So, you say you are disappointed and disillusioned to learn that the Atticus Finch of Harper Lee’s newly published book is a racist? Imagine then that you are his daughter Jean Louise, aka Scout, discovering that the father you have worshiped for 26 years has feet of clay.
But you don’t have to walk around in her skin, imagining the consternation, devastation and anger of such a betrayal. Lee does it for you in Go Set a Watchman (HarperCollins, purchased e-book), an unsettling portrait of a young woman going home to the South of the mid-1950s and finding it’s not “the warm and comfortable world” she remembers. Of course, that small-town Alabama of Scout’s childhood is what Lee so splendidly evoked in her classic To Kill a Mockingbird. Watchman, written several years before Mockingbird, is a more conventional coming-of-age story that was rejected by publishers until editor Tay Hohoff suggested that Lee set it 20 years earlier and rewrite it from young Scout’s perspective.

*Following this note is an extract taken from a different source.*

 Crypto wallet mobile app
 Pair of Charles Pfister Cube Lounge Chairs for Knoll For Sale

Speculation has it that Hohoff may have wanted the changes to make the book more palatable to a wider audience, and thus more saleable. Could be, but I contend that she saw in Watchman’s awkwardly structured series of set pieces what Mockingbird could be. For that, we should all be grateful. Although there is much that is familiar about Watchman — descriptions of places and people, a certain tone and turn of phrase — it is a separate book, not a sequel or prequel, written in the third person. The two books share the main characters of Scout, Atticus, Aunt Alexandra and Uncle Jack, but Jem and Dill appear only in flashbacks, Calpurnia has retired except for one pivotal scene, there is no Boo Radley. Tom Robinson’s trial, the centerpiece of Mockingbird, is a couple of paragraphs with a different outcome. Henry Clinton is the major new character. A young lawyer taken under Atticus’ wing, he is Scout’s longtime friend and possible future husband.

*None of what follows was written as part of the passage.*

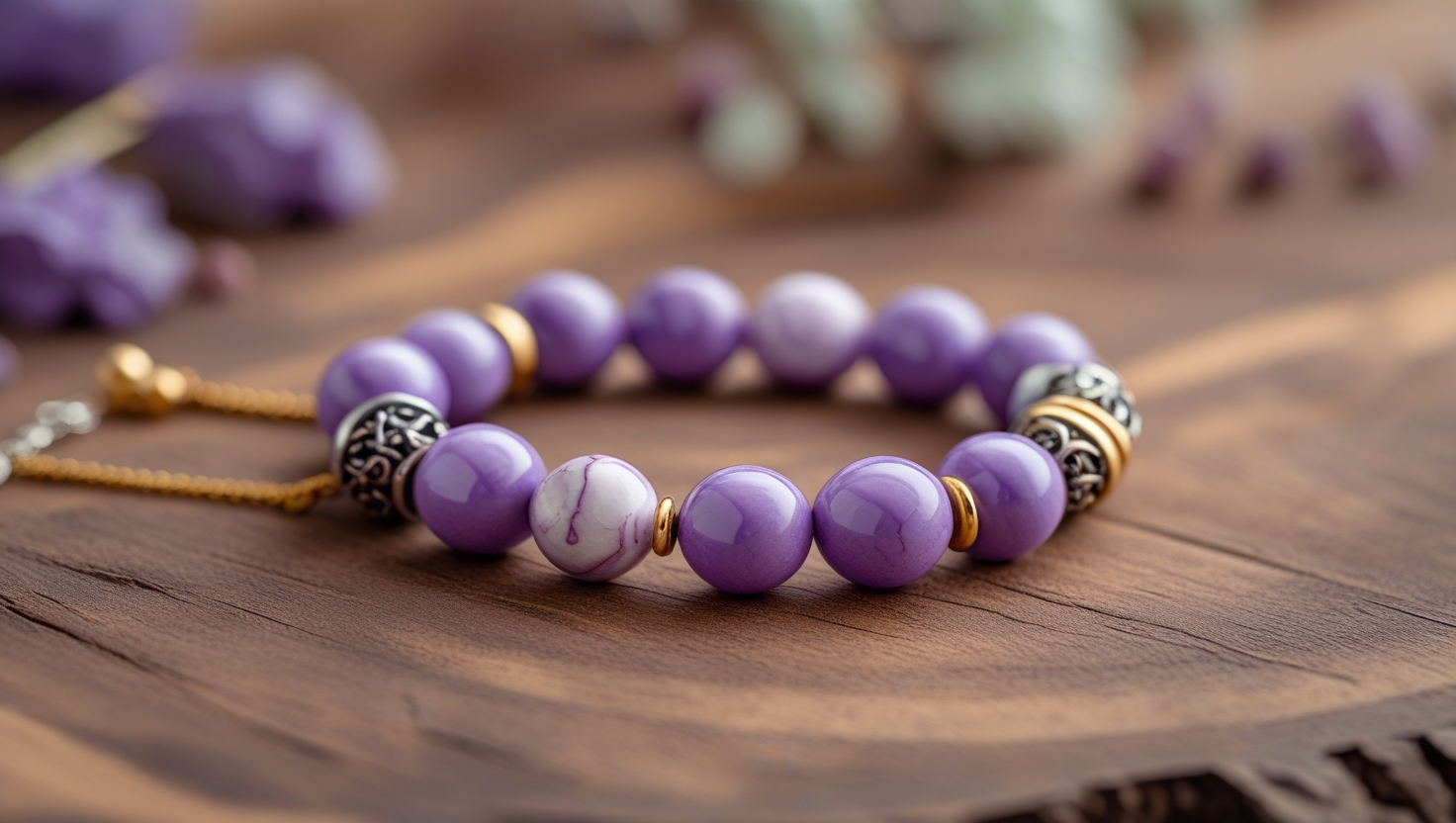 Naiam Cosmetic Man Lilac Bracelet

The plot, such as it is, meanders over the the first three days of Jean Louise’s visit and her not fitting in. The old house, with its wide porch and chinaberry trees, has been torn down and replaced by an ice cream parlor. A “morning coffee” given by corseted Aunt Alexandra and attended by perfumed ladies fills Jean Louise with horror and despair. But her seeing Atticus and Henry at a white citizen’s council meeting condoning a segregationist’s hate speech is what guts her, leading to confrontations with both men, a follow-up with Uncle Jack and a hard reckoning with herself.
This then is very much Jean Louise’s story. In Mockingbird, she is the narrator and Atticus the hero, the book’s moral compass and conscience. In this book, her world is rocked when her conscience parts company with his. Although it was written in the 1950s and is obviously a period piece, its publication is remarkably timely as part of our ongoing national conversation about race. I disagree, though, that this is the book Lee meant to write and publish all along.

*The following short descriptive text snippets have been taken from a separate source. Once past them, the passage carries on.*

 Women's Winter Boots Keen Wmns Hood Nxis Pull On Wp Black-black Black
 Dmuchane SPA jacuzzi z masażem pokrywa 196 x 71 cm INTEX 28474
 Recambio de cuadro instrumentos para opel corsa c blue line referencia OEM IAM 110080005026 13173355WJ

Much has always been made that To Kill a Mockingbird doesn’t read like a first novel. It’s so all-of-a-piece, so assured. It’s been one of my favorite books since I was 10. That hasn’t changed upon many rereadings and I don’t expect it to. Go Set a Watchman is an unedited first novel, flawed and unsubtle. Promising.
Thanks for an honest review. I think you sum it up better than anyone else I’ve heard. I am still not interested in reading it, though.